The new TNT drama Will tackles William Shakespeare’s “lost years” — the historical black hole when a 20-something Bard lived in Stratford-upon-Avon to the point where he reemerged in the London theater scene about seven years later. But more importantly, the ads of a smizing Laurie Davidson say it all: This is sexy Shakespeare! While Will certainly doesn’t mark the first Sexy Shakespeare to appear on TV, the genre isn’t as thriving as you might expect. Most depictions of the Bard in popular culture have come as cameo appearances in sci-fi movies and shows like Doctor Who. But ever committed to finding water in the desert, we’ve compiled a list of Shakespeares and judged them by how well they quiver their quill. Who is the hottest of them all? Let’s find out.
12. Doctor Who, “The Chase,” Hugh Walters
The Bard appears in a cameo while the Doctor and his band flip through their time-space visualizer like a television through history: They watch the Beatles (now “classical” music), Abraham Lincoln, and yes, William Shakespeare, who is in the court of Elizabeth I when they give him ideas to write Hamlet and The Merry Wives of Windsor. This is a squirmy, hand-wringing Shakespeare who definitely has a sweaty upper lip when he kisses you.
11. The Story of Mankind, Reginald Gardiner
In this 1957 fantasy movie, humanity is on trial. Vincent Price plays Mr. Scratch, a.k.a. the Devil, who prosecutes a trial over whether humans should be allowed to blow themselves up with a hydrogen bomb. The trial runs through human history with a historical clip show, including a brief appearance from Shakespeare as he shadily offers to read a passage from The Taming of the Shrew as a way to calm down the irate Queen Elizabeth I. Later, he opts for a more jauntily jingoistic passage from King John about how great England is. Points for cleverness, but this Shakespeare definitely skipped leg day.
10. The Twilight Zone, “The Bard,” John Williams
In a more pointedly comedic episode of The Twilight Zone, a struggling screenwriter accidentally conjures William Shakespeare, who arrives looking like the Droeshout portrait come to life. Realizing he has one of the greatest literary geniuses of the world at his disposal, the screenwriter asks the Bard to write him a film script that eventually goes south because Shakespeare throws a fit once he sees what happens when the studio rewrites it. Perfidy! This Shakespeare, played by Hitchcock actor John Williams, is pompous and old, which is a type.
9. Anonymous, Rafe Spall
Roland Emmerich’s version of William Shakespeare is certainly the most villainous, taking on the alt-theory that Edward de Vere, the 17th earl of Oxford was the author of many of the works attributed to Shakespeare. As such, Edward becomes the tragic hero of the story and Shakespeare his antagonist.
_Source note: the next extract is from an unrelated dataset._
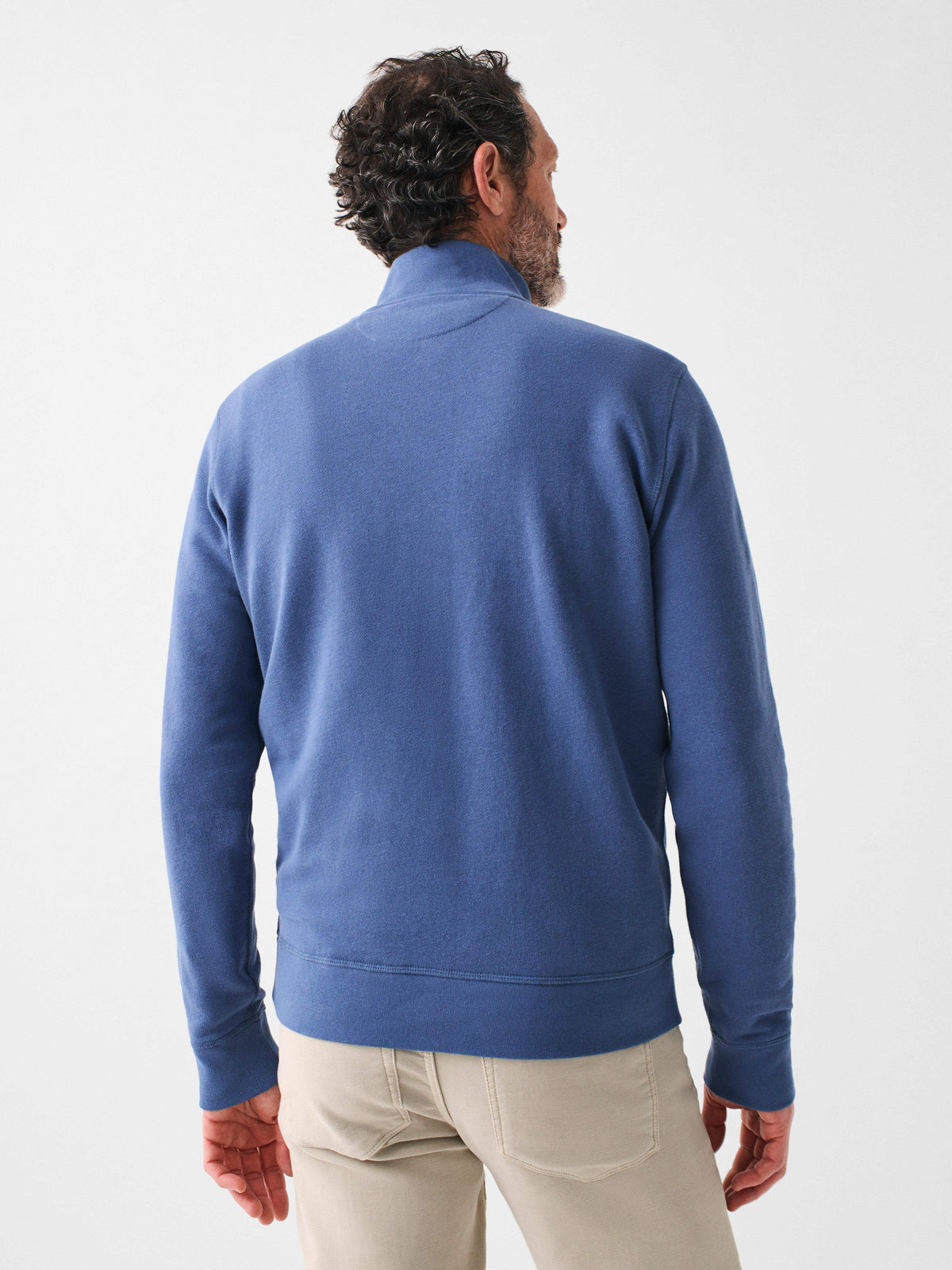 UKU2357-FDN_Back.jpg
As Roger Ebert described, this version of Shakespeare played by Rafe Spall is just “a notch or two above the village idiot.” That said, we’d totally bone this idiot.
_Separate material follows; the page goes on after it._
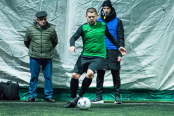 <a href="https://st.getinfootball.com/albums/1098653/691d08b6675d1_1920.jpg" target="_blank">Завантажити оригінал</a>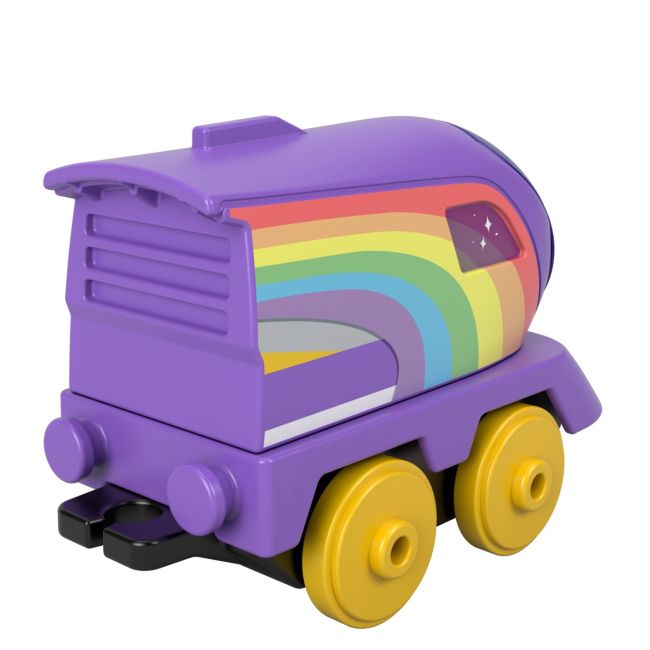 THOMAS LOCOMOTIVA DIN PLASTIC KANA VIVMTHJL21_JFV51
8. Blackadder: Back and Forth, Colin Firth
While Colin Firth exists in the firmament of sexy Brits as a couple iterations of Mr. Darcy, he also appeared briefly as Shakespeare in the 1999 movie Blackadder: Back and Forth. Based on the TV show of the same name, Rowan Atkinson plays a time traveler traipsing through British history who literally runs into William Shakespeare after a confrontation with Queen Elizabeth I where he delights her with some mints. In this version, Colin Firth’s Shakespeare is mostly just a perplexed working stiff hammering out his latest work, Macbeth, and who’s very confused about why a strange man is yelling at him about someone named Kenneth Branagh.
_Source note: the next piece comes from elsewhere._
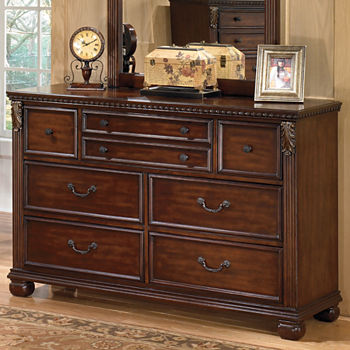 Dressers Closeouts For Clearance Jcpenney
7. Miguel Y William, Will Kemp
We’re getting into some deep cuts here: Miguel Y William is a Spanish rom-com that imagines a meeting between William Shakespeare and Miguel de Cervantes. There’s a bit of a PBS reenactment feel to the production value of the movie, which stars Will Kemp as Shakespeare. On the plus side, Kemp is also a dancer who starred in Step Up 2: The Streets, which means he achieves a basic level of thirst trap.
6. Will, Laurie Davidson
This is fuccboi Shakespeare. This is Shakespeare on a seven-year rumspringa, where he tells his wife and children back in Stratford that he’s doing this “for them,” but really he just wants to get drunk, write plays, and hoe around London. Totally fine, but to thine own self be true, Will!
5. A Waste of Shame, Rupert Graves
This 2005 BBC movie is a deep dive into the composition of Shakespeare’s sonnets — particularly those concerning a “fair youth” and “dusky lady.” Rupert Graves plays the poet enchanted between these two loves, but he’s upstaged in every way by his co-stars: Indira Varma (Ellaria Sand!) plays the “exotic” prostitute Lucie, and Tom Sturridge plays William Herbert, a “fair youth” who is curiously reluctant to get married. While Shakespeare immediately consummates his relationship with Lucie, Herbert sadly only exists in the realm of blue balls. As one of the only major depictions of Shakespeare also being into dudes, I fully endorse a reboot of this relationship.
4. Bill, Mathew Baynton
Like Will, Bill draws from the same time “lost years” period. This version stars Mathew Baynton as Shakespeare, who must eventually save the queen … with a play. Bill is a scruffy lute player for a band called Mortal Coil in Stratford, and he looks exactly like the keyboardist you hooked up with last night in Bushwick!
3. Doctor Who, “The Shakespeare Code,” Dean Lennox Kelly
Can Shakespeare save the world from witches attempting to open a trans-dimensional hell portal? In the modern Doctor Who under David Tennant’s tenure, Shakespeare must improvise a closing stanza to his play Love’s Labour’s Won — supposedly one of Shakespeare’s lost plays and a sequel to Love’s Labour’s Lost — in order to close the Hellmouth. This Shakespeare is played by Dean Lennox Kelly, sports a fine beard, and flirts with both the Doctor and Martha, to whom he recites one of his sonnets: “Shall I compare thee to a summer’s day?” This is a Shakespeare you can call Daddy.
2. William Shakespeare
We can’t have a list of sexy Shakespeares without the original Bard himself, can we? Perhaps the best part about Shakespeare is that we don’t really know what he looks like, which means you can close your eyes and let his words — his beautiful words! — take you where you need to go. After all, “Blind is his love and best befits the dark.”
1. Shakespeare in Love, Joseph Fiennes
Gwyneth Paltrow won an Oscar for her portrayal as the aristocratic woman-as-male-actor who steals the heart of Shakespeare, but she had a willing admirer in Joseph Fiennes’s Shakespeare with his doe eyes and bee-stung lips. Any modern depiction of sexy Shakespeare has to contend with this lithesome and rakish Shakespeare, who is definitely into role play. (How modern!) Is there any Will Shakespeare you’d rather have twirl you? Twirl, good woman, twirl!